Bernard was staring at me in wonder, but I was focused elsewhere. I ran to the edge of the cliff, and I leaped right before I reached the edge. I jumped forward, and my fingers brushed the paper. The depths of the valleys was beneath me. Next thing I knew, I hung from the ledge with my arms in Bernard’s hands.

“Are you out of your mind? What the hell was that?” he screamed at me and pushed me away from the cliff.

He noticed I was trying to hide the piece of paper behind my back and pulled me toward him and snatched the note from my hands.

“Give it back,” I demanded.

“You know what could happen to you if they saw you with something like this? You would wish I didn’t save you from falling off the cliff.” He blew the words in my face and gave the note back to me.

“What do you want from me?” I shouted back.
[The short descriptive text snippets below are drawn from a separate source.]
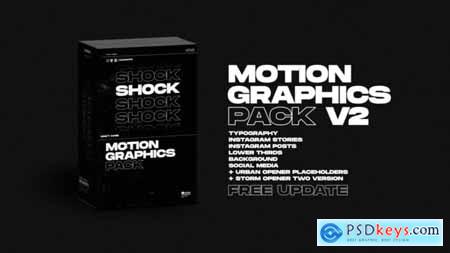 Shock Motion Graphics Pack V2 24181222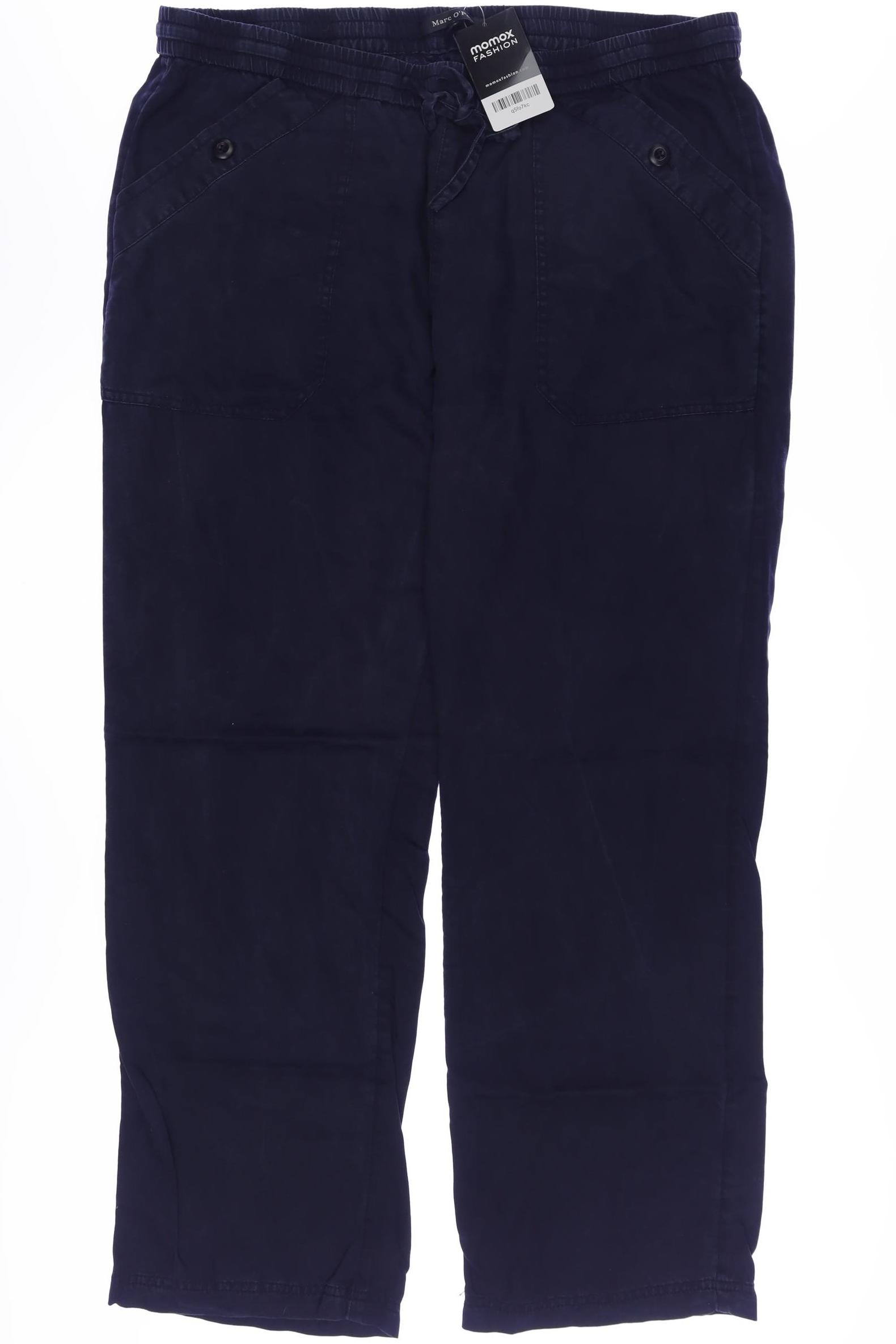 

Marc O Polo Damen Stoffhose, marineblau, Gr. 44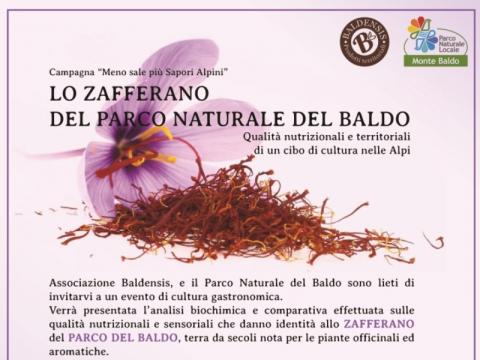 Lo zafferano del Parco Naturale Locale Monte Baldo Lo zafferano del Parco Naturale Locale Monte Baldo
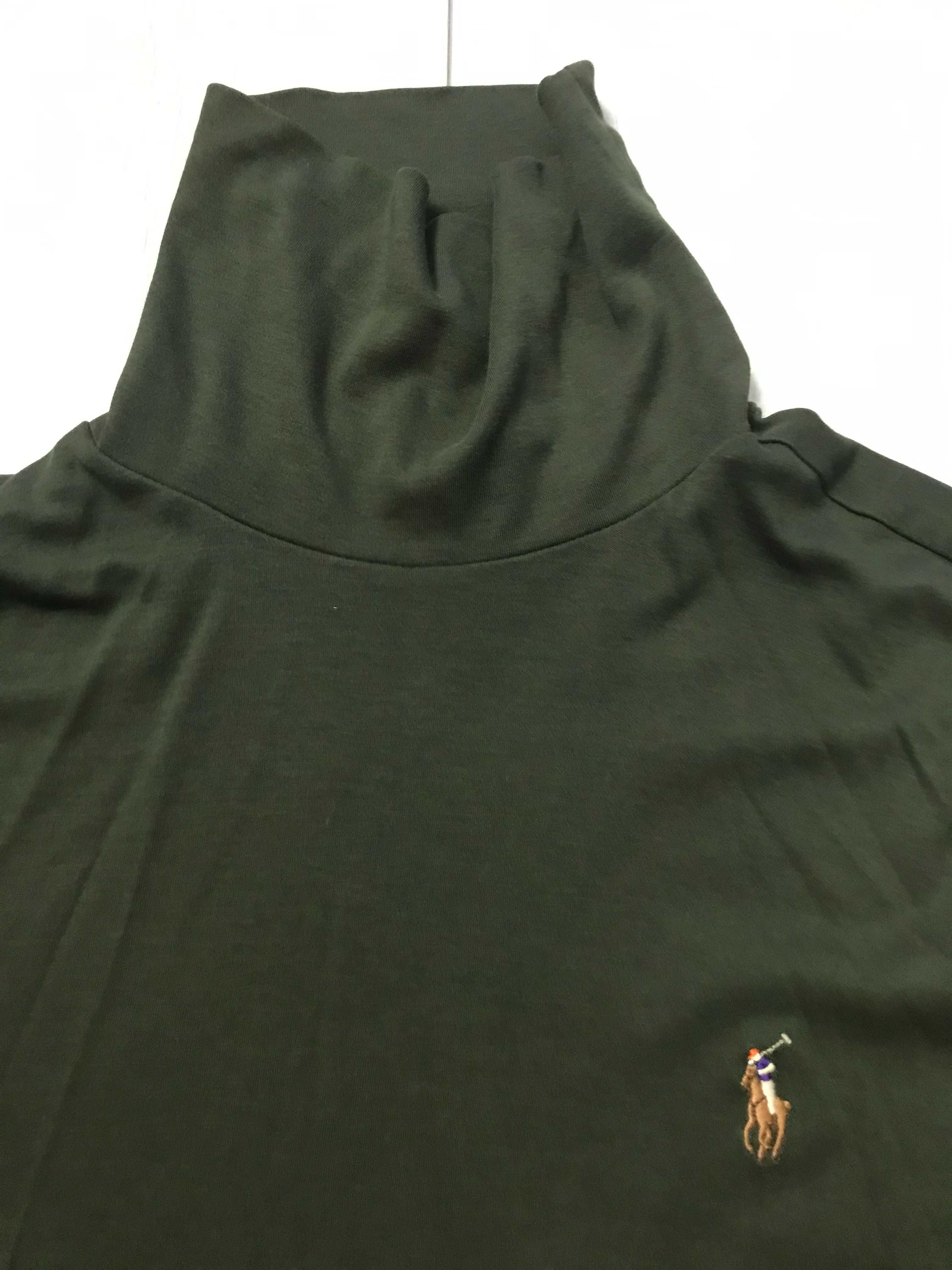 RALPH LAUREN r.S oryginalny cienki golf męski stan BDB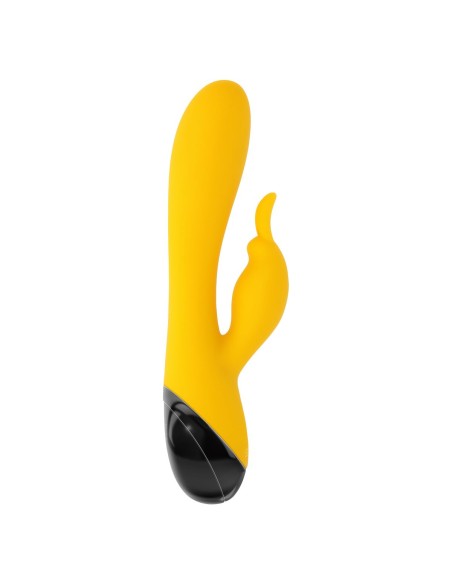 Vibration de Stimulation Double Evolved Selopa Yellow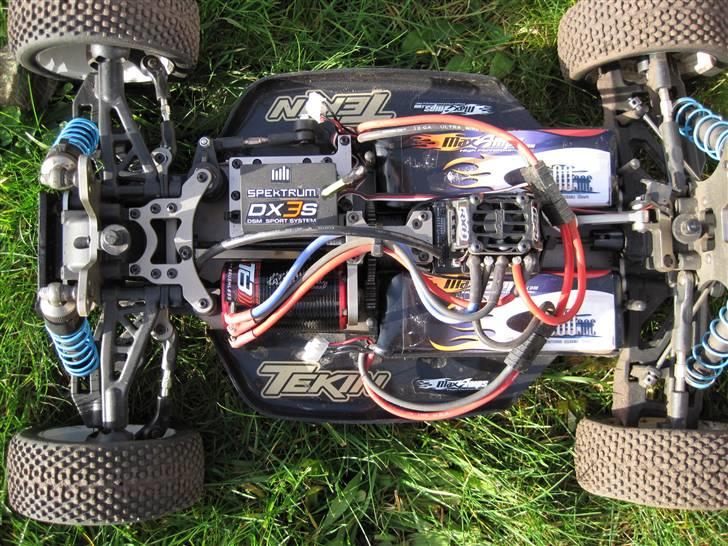 Buggy Caster Ex-1 Fusion Solgt! billede 13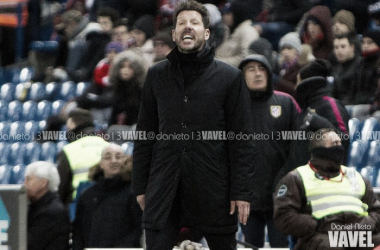 Simeone sobre Gaitán: &quot;Si al talento le sumas trabajo te acercas al ideal&quot;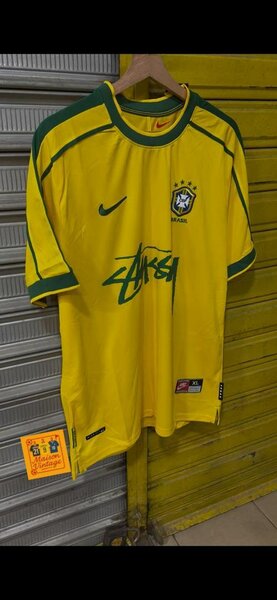 Maillot Brésil Nike Stussy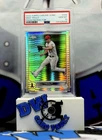 Mike Trout 2022 Topps Chrome Sonic Prism Refractor #200 PSA 10 Gem Mint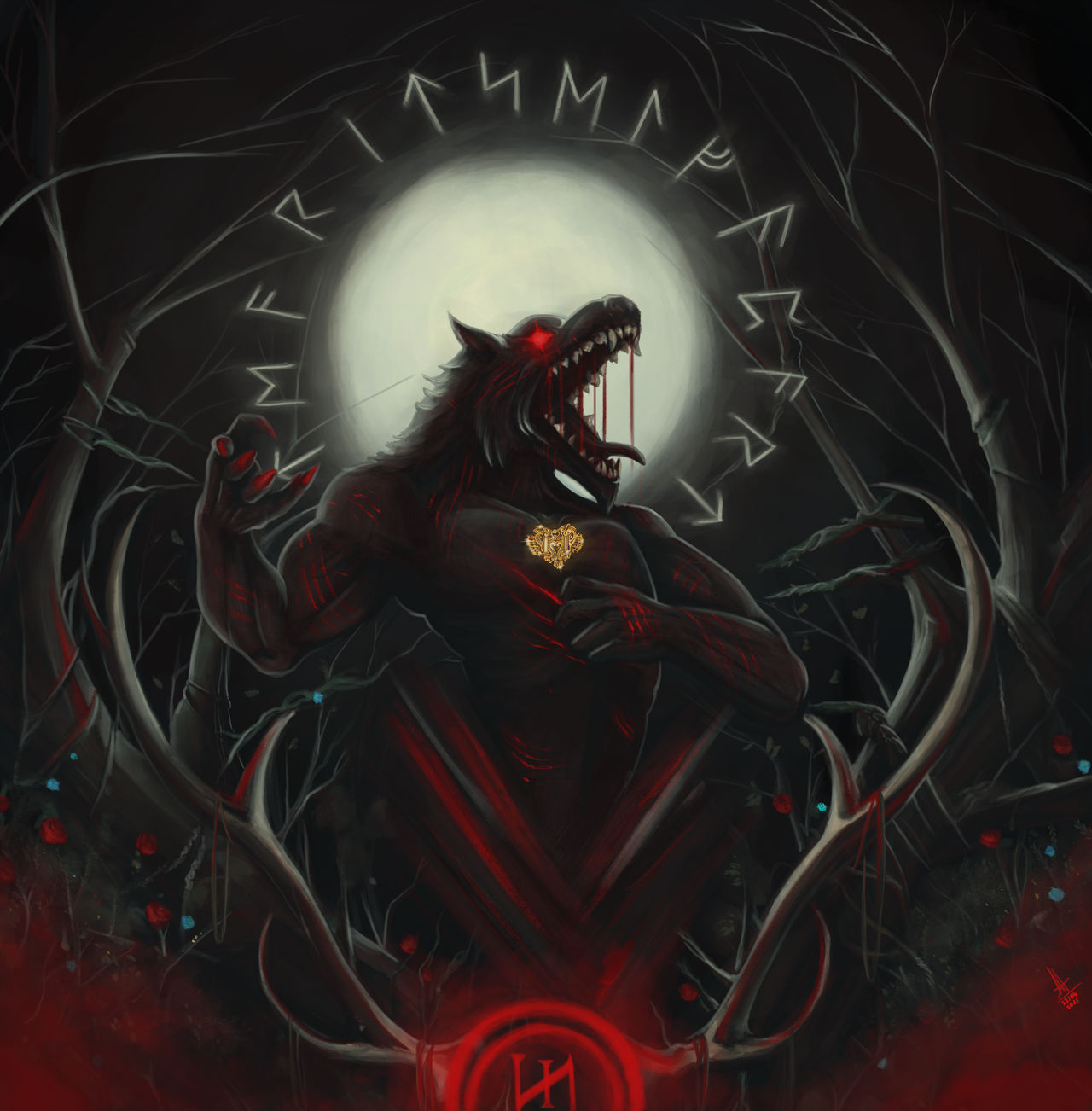 Howl by Ignisetmortem on DeviantArt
“Oh, I’m leaving, but do you want to tell me what you’re doing here in the first place?”

“No, I don’t,” I turned around and stared at the purple roses around the tree.

“You were crying, weren’t you?” he asked, and chills rose up my spine.

“I wasn’t crying. I’m a man,” I said.

“Yeah, you weren’t crying. You were weeping, kiddo.”

“My name is Theo, not kiddo.”

“Goddamn,” he said with sudden anger.

All of a sudden he rushed toward me, held me by the back of my neck, and marched me toward the cliff. I screamed. He put his hand over my mouth to shut me up. He stood by the edge and let my body dangle. I saw the distance of the valley and for the first time in my life felt an alien emotion.

“Can you tell me what you’re feeling?” he demanded.

“I don’t know,” I replied with tears falling to the valley.

“Well, think as you fall,” he said and dropped me but grabbed me again.

“Fear!” I screamed. “I’m afraid. I’m scared.”

“That’s one thing. We’re getting somewhere,” Bernard said. “What else?”

“I don’t know. Anger?”

“Exactly. You’re a smart one, Theo,” he said and pulled me back up and threw me on the ground. “Cry as much as you want. Weep if you have to, and never dread a fear that you have.”

“But Matilda says that the world would be better if there were no fear at all,” I argued.

He shook his head and put his both his hands on my shoulders.

“Matilda is a wise one, kiddo, and yes, it would be better if there were no fear, but that’s only because we are afraid of fear. Don’t fear it. It’s as much a part of you as your longing for that girl of yours. Look, know this—if you add the right amount of anger as a response to any emotion, you will save this world from those who create fear or run away from it. If you are never angry or always angry, you’ll become one of them.”

My eyes closed, and suddenly I felt a strong wave of heat engulf my hands. My spine began to feel heavier, and my elbows were beginning to sink into the ground. I looked at him, and I saw that he was startled by something. I looked at my hands again and they were glowing red.

“My arms hurt,” I said.

“I should’ve guessed it. You’re like him,” Bernard said vaguely.